▶ _Your instructions_:
With the pictures omitted, repeat exactly the lines below starting with the line that has "White orchid artificial" and going on through the line that has "unfurnished living room".

▶ _Supplied material_:

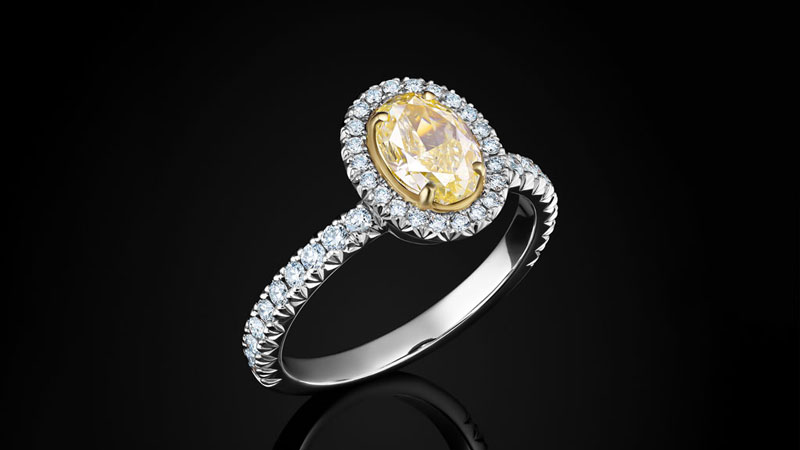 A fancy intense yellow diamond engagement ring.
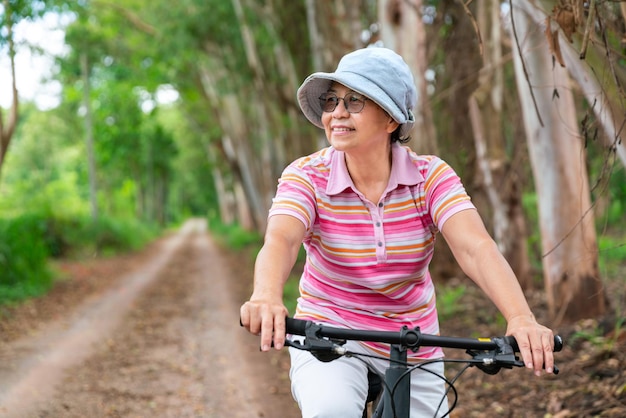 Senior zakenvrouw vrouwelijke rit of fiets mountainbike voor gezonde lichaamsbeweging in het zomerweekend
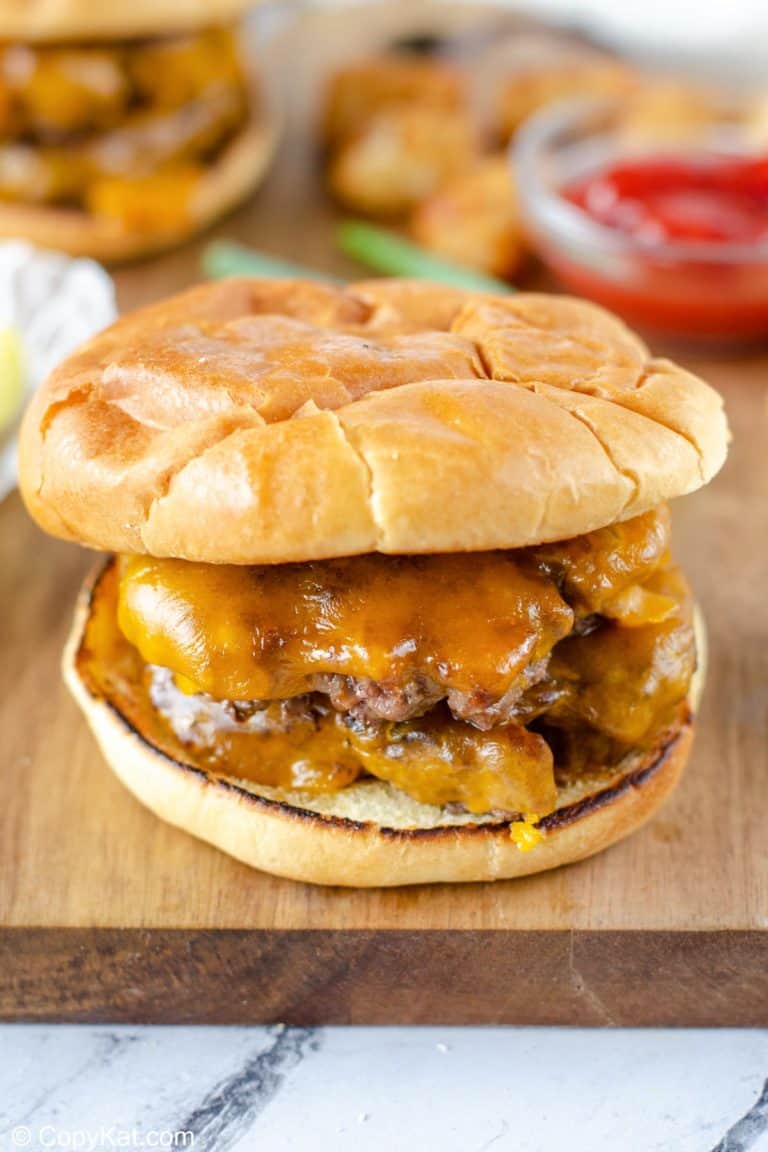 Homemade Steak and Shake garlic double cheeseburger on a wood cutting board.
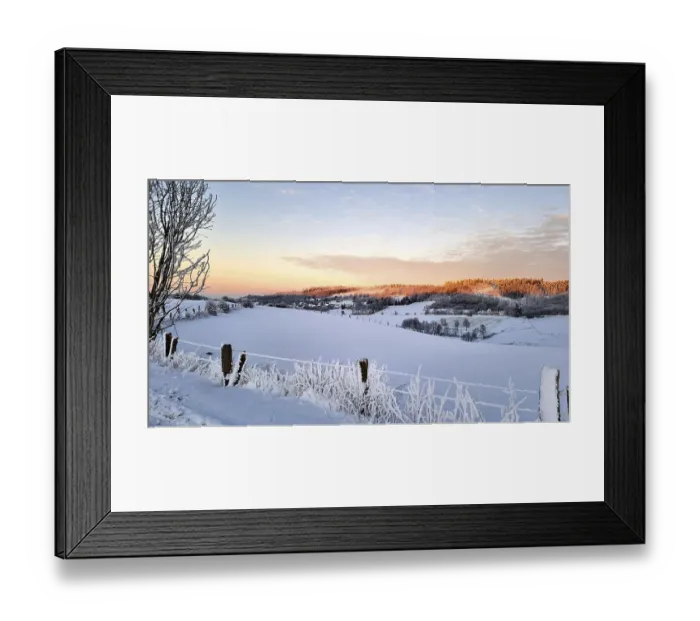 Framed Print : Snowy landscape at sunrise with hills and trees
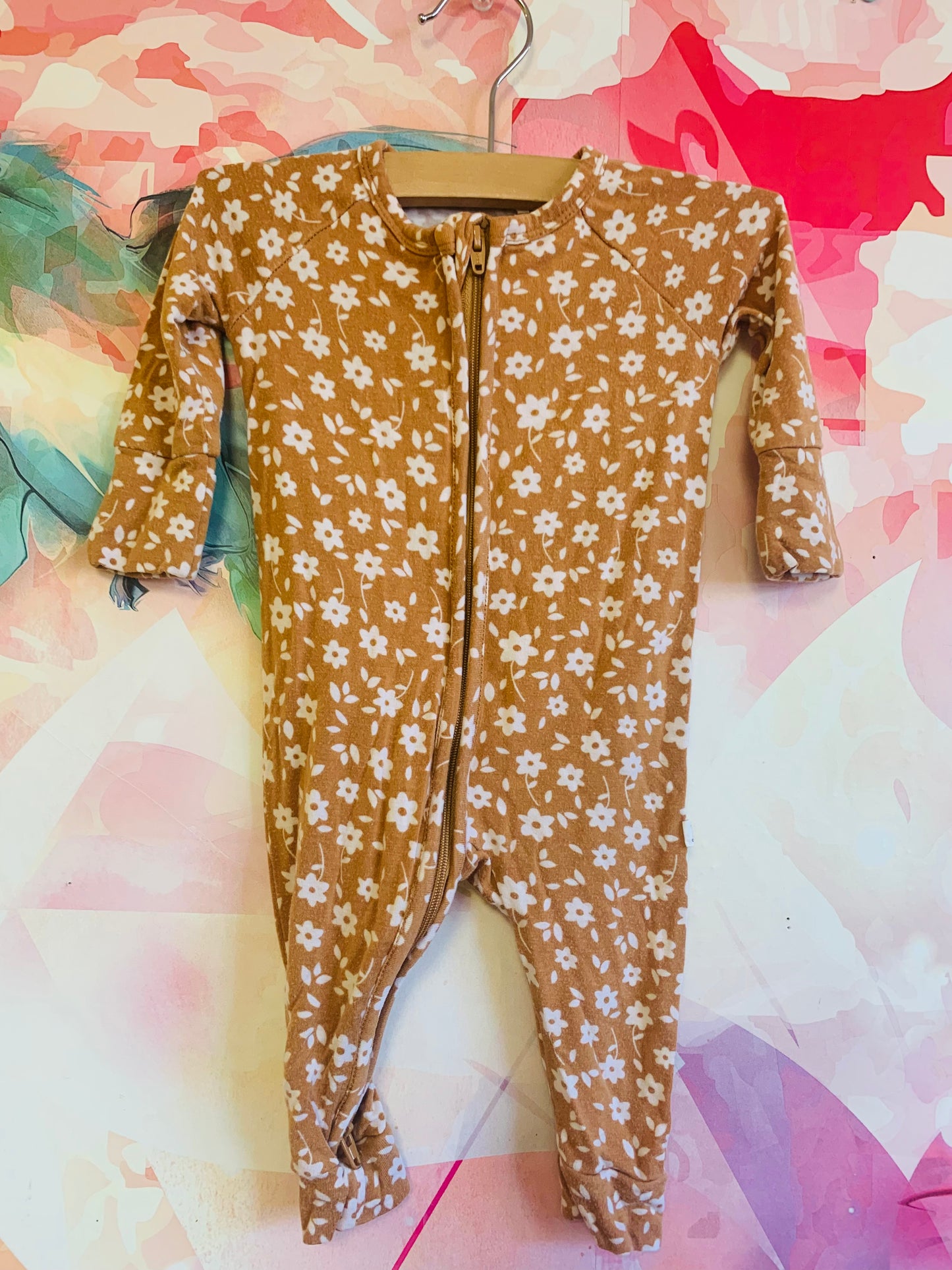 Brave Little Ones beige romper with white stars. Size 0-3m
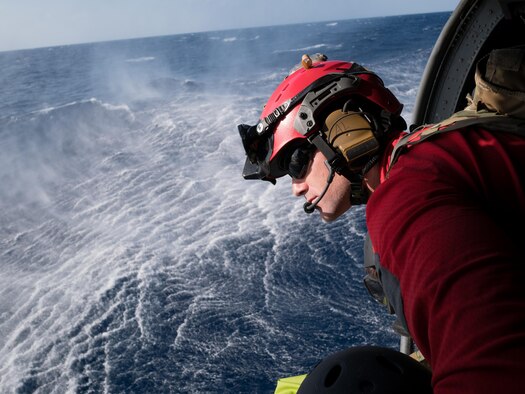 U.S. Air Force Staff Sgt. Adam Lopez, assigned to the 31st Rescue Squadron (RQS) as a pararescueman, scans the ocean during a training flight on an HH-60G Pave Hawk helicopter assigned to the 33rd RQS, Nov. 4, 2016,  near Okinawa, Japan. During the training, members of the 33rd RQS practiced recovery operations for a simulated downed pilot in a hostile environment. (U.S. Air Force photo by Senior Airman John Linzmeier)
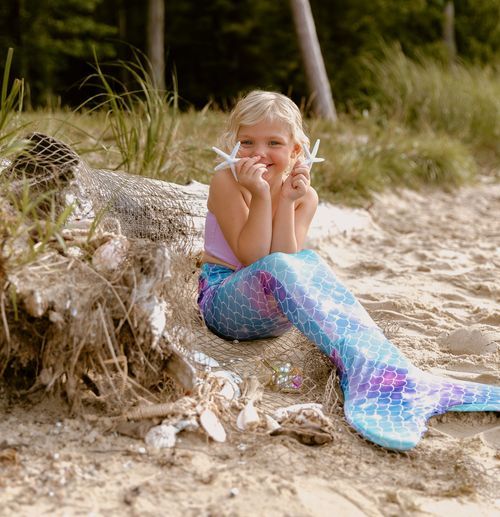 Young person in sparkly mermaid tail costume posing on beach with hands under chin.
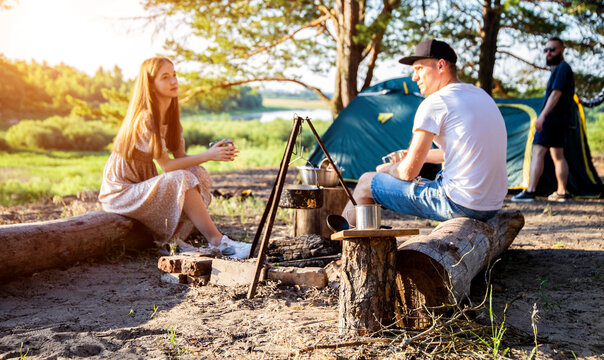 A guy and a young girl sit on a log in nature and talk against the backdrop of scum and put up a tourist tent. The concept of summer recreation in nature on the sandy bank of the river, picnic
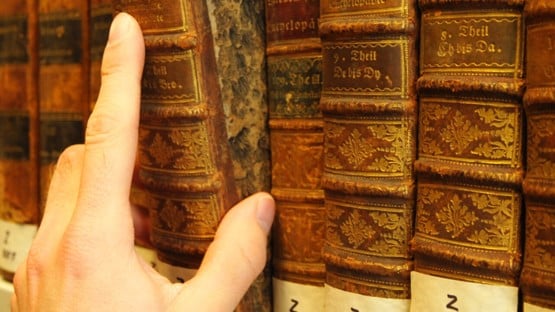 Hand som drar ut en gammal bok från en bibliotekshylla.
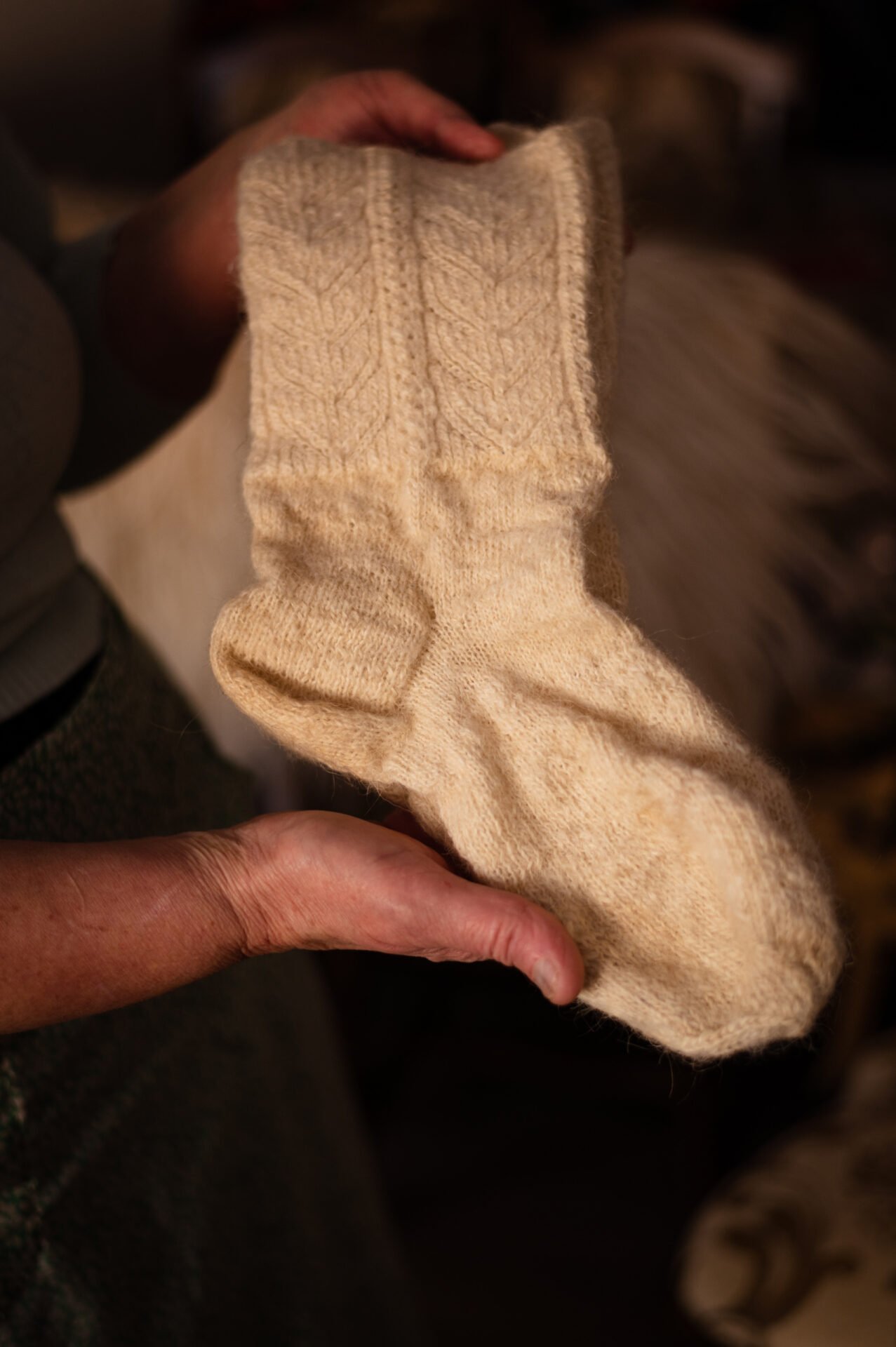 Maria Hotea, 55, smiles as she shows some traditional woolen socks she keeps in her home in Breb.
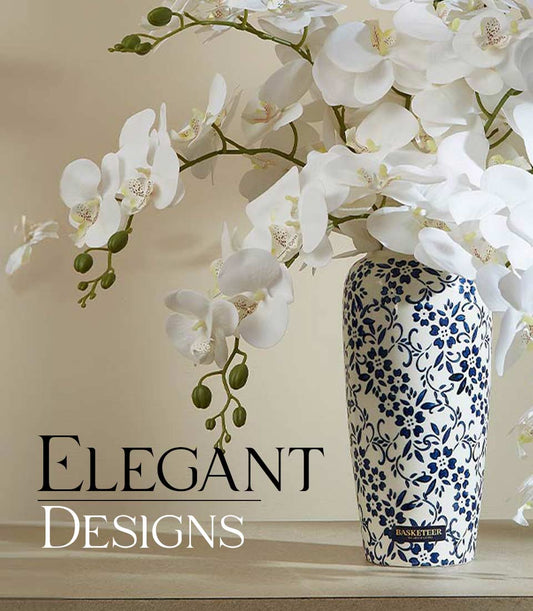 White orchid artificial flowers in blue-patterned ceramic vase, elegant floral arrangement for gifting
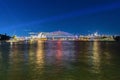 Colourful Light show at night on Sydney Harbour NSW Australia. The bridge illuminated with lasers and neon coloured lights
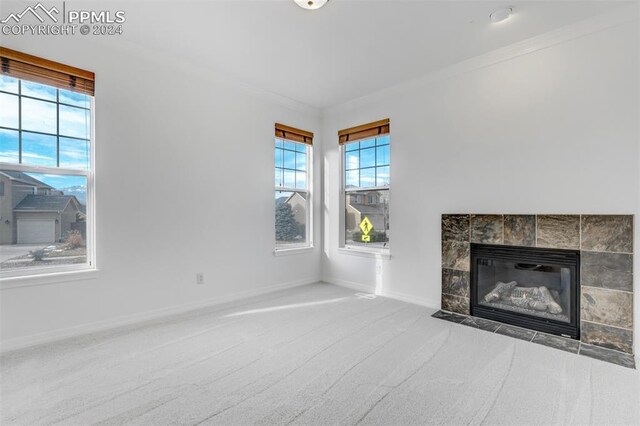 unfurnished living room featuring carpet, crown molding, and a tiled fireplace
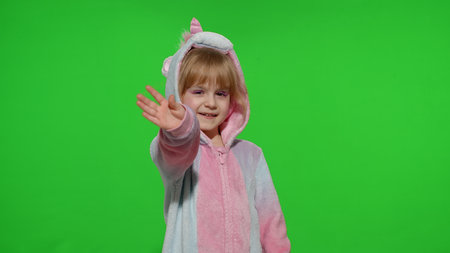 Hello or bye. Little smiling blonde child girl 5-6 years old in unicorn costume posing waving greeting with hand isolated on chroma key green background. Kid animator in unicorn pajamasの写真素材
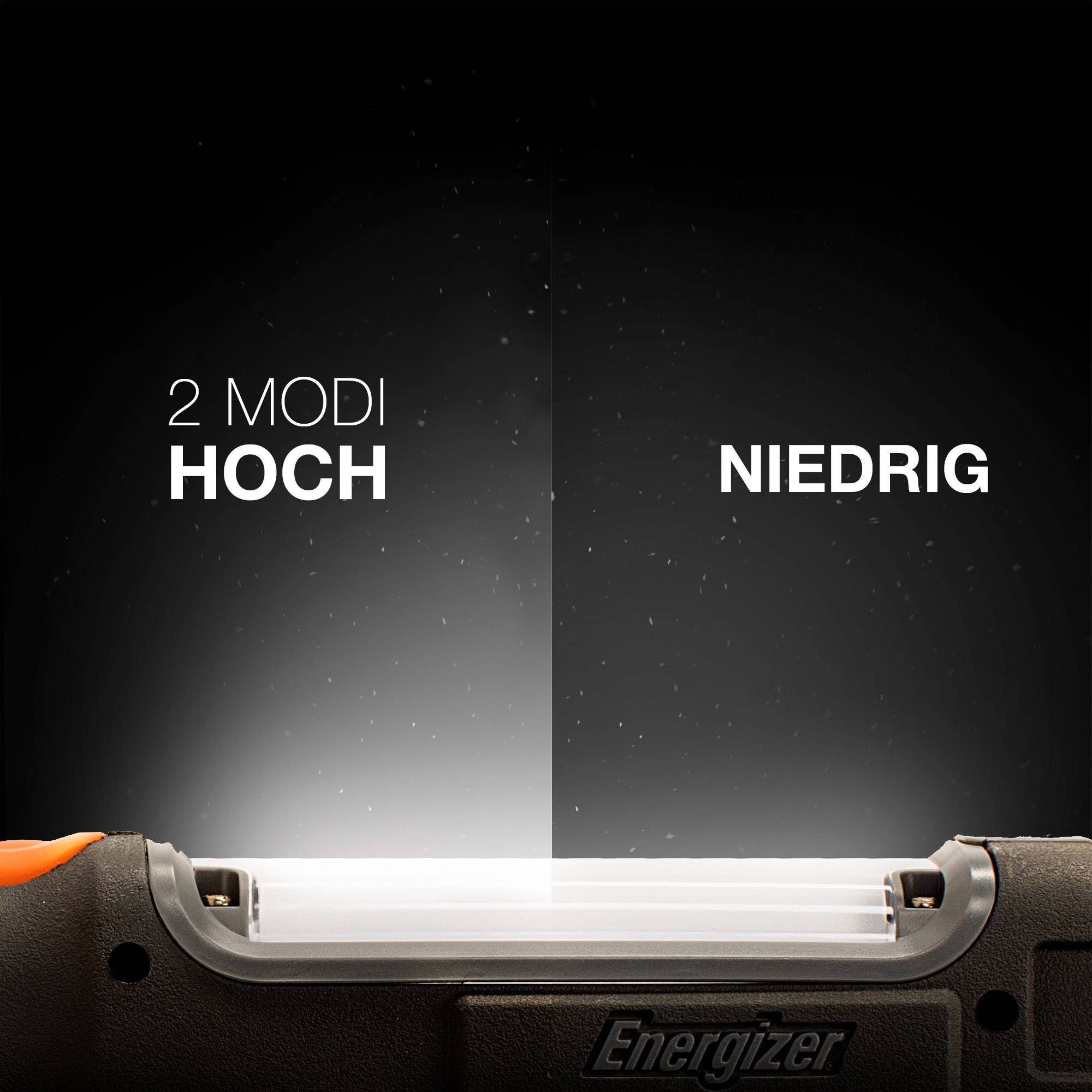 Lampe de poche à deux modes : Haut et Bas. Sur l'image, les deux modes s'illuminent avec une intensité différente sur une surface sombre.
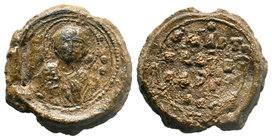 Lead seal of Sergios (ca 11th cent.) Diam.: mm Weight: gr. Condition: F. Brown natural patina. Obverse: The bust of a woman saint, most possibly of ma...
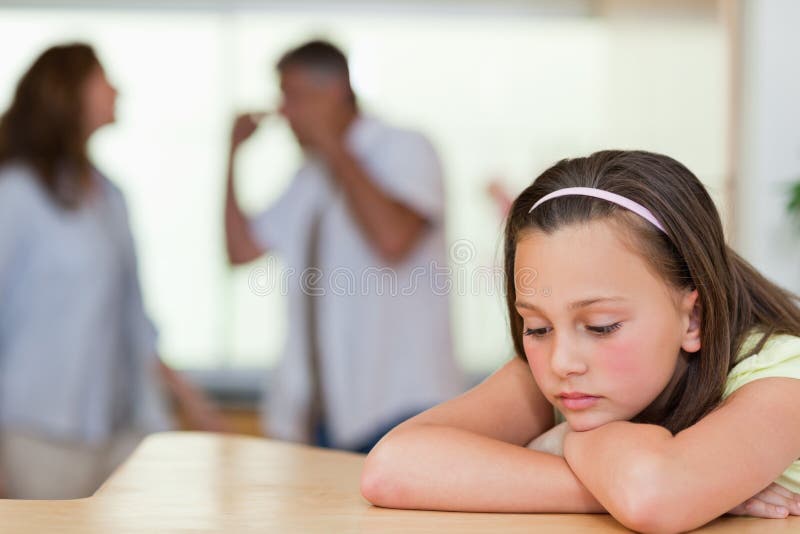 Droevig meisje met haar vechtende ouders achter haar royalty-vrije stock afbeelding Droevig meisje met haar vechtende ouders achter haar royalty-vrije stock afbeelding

▶ _Solution for this exercise_:
 White orchid artificial flowers in blue-patterned ceramic vase, elegant floral arrangement for gifting
 Colourful Light show at night on Sydney Harbour NSW Australia. The bridge illuminated with lasers and neon coloured lights
 unfurnished living room featuring carpet, crown molding, and a tiled fireplace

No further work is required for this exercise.